Esto es, entonces, un pedido de que sean razonables. No es necesario seguir a alguien a todas partes, ni defender todo lo que hace. Entusiarmarse con un artista es perfectamente bueno, y no implica ninguna obligación. No hace falta conocer todo lo que hizo. No hace falta difundir sus ideas, ni compartir todos sus valores. No hace falta disfrazarse, ni vigilar que no traicione a la imagen que nos hicimos de él. No hay que suspender el pensamiento crítico. Con disfrutar es suficiente.

Once upon a time, había un grupo en Facebook que se llamaba “es yendo no llendo hijos de puta”. Su espíritu era expresar justo desagrado ante la vista de alguna abominación lingüística. El caso particular del título era apropiado. Mucha gente escribe “llendo”, por ignorancia o porque está tan difundido que creen que es así. Y ver eso genera una sensación fea.

La ortografía tiene su razón de ser. Ayuda a ordenar los pensamientos. Facilita el acceso a otros significados de las palabras, o a su origen. En el caso de palabras compuestas (o que lo han sido) deja ver la conexión inicial, y aunque uno no lo perciba, está transmitiendo mucho más que lo que la palabra significa en este momento.

La gramática también tiene su razón de ser. Es un sistema que ordena las palabras, de manera que su combinación tenga sentido. Los idiomas están armados con gramáticas particulares, que también expresan algo sobre la manera de pensar de quienes los diseñaron y/o los pueblos que los hablan.

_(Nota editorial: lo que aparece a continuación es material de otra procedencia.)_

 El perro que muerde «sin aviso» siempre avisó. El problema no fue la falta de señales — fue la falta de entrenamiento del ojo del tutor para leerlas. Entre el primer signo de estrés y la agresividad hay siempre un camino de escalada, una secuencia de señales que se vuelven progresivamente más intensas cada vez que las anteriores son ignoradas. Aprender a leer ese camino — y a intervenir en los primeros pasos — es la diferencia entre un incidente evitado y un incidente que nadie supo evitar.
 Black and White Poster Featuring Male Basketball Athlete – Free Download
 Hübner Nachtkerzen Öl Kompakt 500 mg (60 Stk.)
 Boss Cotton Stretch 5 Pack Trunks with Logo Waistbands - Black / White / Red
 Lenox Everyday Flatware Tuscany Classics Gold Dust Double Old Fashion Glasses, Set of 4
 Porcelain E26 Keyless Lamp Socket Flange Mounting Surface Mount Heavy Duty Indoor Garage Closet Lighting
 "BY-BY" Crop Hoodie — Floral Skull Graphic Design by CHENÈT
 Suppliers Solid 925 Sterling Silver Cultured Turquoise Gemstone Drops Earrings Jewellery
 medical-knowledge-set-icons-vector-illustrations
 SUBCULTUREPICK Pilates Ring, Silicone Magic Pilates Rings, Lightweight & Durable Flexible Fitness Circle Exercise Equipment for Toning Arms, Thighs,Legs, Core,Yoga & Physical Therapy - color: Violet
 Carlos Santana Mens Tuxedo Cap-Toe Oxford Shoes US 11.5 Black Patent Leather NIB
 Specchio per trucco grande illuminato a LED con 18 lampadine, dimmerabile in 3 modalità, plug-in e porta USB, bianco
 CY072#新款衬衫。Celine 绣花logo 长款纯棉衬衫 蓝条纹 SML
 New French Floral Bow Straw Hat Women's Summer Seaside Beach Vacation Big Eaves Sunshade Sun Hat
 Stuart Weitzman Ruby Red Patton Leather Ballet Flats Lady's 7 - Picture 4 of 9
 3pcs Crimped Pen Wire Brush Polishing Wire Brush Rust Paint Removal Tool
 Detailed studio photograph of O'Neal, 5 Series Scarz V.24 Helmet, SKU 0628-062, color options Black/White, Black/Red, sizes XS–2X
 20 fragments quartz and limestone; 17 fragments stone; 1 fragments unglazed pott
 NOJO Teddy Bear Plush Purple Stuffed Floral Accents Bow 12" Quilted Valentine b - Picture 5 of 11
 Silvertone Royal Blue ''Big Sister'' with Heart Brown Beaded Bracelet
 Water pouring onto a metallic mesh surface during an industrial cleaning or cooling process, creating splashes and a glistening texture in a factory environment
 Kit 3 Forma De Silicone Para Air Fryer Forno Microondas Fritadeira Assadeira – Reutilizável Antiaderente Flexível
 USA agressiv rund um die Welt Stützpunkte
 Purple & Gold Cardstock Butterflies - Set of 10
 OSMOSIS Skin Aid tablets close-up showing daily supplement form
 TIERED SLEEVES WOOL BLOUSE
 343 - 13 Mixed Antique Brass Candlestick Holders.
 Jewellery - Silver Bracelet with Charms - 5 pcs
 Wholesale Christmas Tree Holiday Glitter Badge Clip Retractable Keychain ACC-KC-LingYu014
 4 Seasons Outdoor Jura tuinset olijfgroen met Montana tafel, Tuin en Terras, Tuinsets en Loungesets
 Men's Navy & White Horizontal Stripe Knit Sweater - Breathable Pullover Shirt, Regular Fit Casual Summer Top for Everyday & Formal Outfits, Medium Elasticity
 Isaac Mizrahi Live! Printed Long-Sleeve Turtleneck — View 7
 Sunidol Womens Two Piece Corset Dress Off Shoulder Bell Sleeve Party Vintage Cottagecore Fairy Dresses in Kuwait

Ahora, la ortografía y la gramática no son inmutables. Cambian con los años, las generaciones, los siglos. Palabras que significaban una cosa después significan otra. Palabras que se usaban son reemplazadas. Formas populares dejan de serlo. Eso no tiene nada de malo, simplemente es así. Pero hay gente que piensa que ortografía y gramática son valores supremos, que están por encima de todo y deben ser respetados a rajatabla.

Ellos forman la policía gramatical (propiamente, la policía ortográfica y gramatical). Gente que se dedica a patrullar el Universo en busca de errores, para poder subirse a su pedestal y exclamar “ignorantes”.

El tema es que eso es un aburrimiento supremo. Hay una diferencia entre irritarse al ver bestialidades y ponerse a buscarlas, sobre todo si lo que uno encuentra es que alguien se equivocó en una letra, en lo que podría ser un error de tipeo.

Pero hay algo más. Las faltas de ortografía y gramática también son expresivas. Va más allá de la vida del lenguaje. El uso intencionalmente malo de sus recursos es también una posibilidad creativa. A veces, se está diciendo algo cuando uno comete una falta. Otras veces, uno es un bestia. Existen las dos posibilidades.

Ese grupo de Facebook con el tiempo se llenó de estos policías, y alguien dio la alarma sobre la pobre gramática del nombre. Supongo que habrá habido algún tipo de debate. Actualmente, el nombre del grupo es Es “YENDO”, no “LLENDO”; ¡hijos de puta!

Es decir, agregaron las comillas a las dos palabras en cuestión, las separaron con una coma, y la segunda parte de la oración fue diferenciada de la primera mediante un punto y coma. Además, como esa parte es una exclamación se agregaron los signos de apertura y cierre correspondientes.

Ese nombre expresa la obsesión por las minucias lingüísticas. El otro nombre, que sólo se quejaba de una bestialidad común, era mucho más expresivo que el que usa correctamente el lenguaje. La policía gramática le sacó el alma a la frase.

Ahora sólo queda el grupo entiendanló es YENDO no LLENDO! Aunque, viendo los comentarios que están posteados, parece que la policía gramatical ya empezó a operar.